[RECORDS FOR THIS TASK — start]

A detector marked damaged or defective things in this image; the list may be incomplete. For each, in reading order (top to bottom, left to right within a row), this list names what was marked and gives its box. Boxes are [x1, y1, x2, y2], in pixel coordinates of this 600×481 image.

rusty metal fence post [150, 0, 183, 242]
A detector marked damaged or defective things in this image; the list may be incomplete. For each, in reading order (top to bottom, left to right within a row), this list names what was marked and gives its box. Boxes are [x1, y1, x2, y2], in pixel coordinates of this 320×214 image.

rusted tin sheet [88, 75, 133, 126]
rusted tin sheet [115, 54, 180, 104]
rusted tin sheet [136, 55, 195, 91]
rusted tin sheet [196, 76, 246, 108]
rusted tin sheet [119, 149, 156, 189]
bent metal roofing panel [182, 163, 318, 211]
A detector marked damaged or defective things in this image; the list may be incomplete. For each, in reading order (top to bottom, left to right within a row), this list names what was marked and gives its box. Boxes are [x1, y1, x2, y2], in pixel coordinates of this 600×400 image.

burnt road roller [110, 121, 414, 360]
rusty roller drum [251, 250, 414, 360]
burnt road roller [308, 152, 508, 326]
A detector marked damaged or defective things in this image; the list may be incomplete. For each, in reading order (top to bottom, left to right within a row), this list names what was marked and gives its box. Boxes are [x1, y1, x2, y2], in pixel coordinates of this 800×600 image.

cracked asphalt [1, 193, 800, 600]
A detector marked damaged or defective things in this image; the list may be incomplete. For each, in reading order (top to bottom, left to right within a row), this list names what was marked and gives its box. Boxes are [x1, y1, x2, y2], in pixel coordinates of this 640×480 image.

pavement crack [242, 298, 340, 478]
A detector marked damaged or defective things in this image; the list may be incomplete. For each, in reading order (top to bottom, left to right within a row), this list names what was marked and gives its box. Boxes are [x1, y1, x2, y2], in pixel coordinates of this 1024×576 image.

[RECORDS FOR THIS TASK — finish]

- _TASK DIRECTIONS_: The output should match the records above exactly, line for line.

- _EXERCISE RESPONSE_:
A detector marked damaged or defective things in this image; the list may be incomplete. For each, in reading order (top to bottom, left to right within a row), this list names what was marked and gives its box. Boxes are [x1, y1, x2, y2], in pixel coordinates of this 600×481 image.

rusty metal fence post [150, 0, 183, 242]
A detector marked damaged or defective things in this image; the list may be incomplete. For each, in reading order (top to bottom, left to right within a row), this list names what was marked and gives its box. Boxes are [x1, y1, x2, y2], in pixel coordinates of this 320×214 image.

rusted tin sheet [88, 75, 133, 126]
rusted tin sheet [115, 54, 180, 104]
rusted tin sheet [136, 55, 195, 91]
rusted tin sheet [196, 76, 246, 108]
rusted tin sheet [119, 149, 156, 189]
bent metal roofing panel [182, 163, 318, 211]
A detector marked damaged or defective things in this image; the list may be incomplete. For each, in reading order (top to bottom, left to right within a row), this list names what was marked and gives its box. Boxes are [x1, y1, x2, y2], in pixel coordinates of this 600×400 image.

burnt road roller [110, 121, 414, 360]
rusty roller drum [251, 250, 414, 360]
burnt road roller [308, 152, 508, 326]
A detector marked damaged or defective things in this image; the list may be incomplete. For each, in reading order (top to bottom, left to right within a row), this list names what was marked and gives its box. Boxes are [x1, y1, x2, y2], in pixel coordinates of this 800×600 image.

cracked asphalt [1, 193, 800, 600]
A detector marked damaged or defective things in this image; the list may be incomplete. For each, in reading order (top to bottom, left to right within a row), this list names what was marked and gives its box. Boxes are [x1, y1, x2, y2], in pixel coordinates of this 640×480 image.

pavement crack [242, 298, 340, 478]
A detector marked damaged or defective things in this image; the list may be incomplete. For each, in reading order (top to bottom, left to right within a row), this list names what was marked and gives its box. Boxes are [x1, y1, x2, y2], in pixel coordinates of this 1024×576 image.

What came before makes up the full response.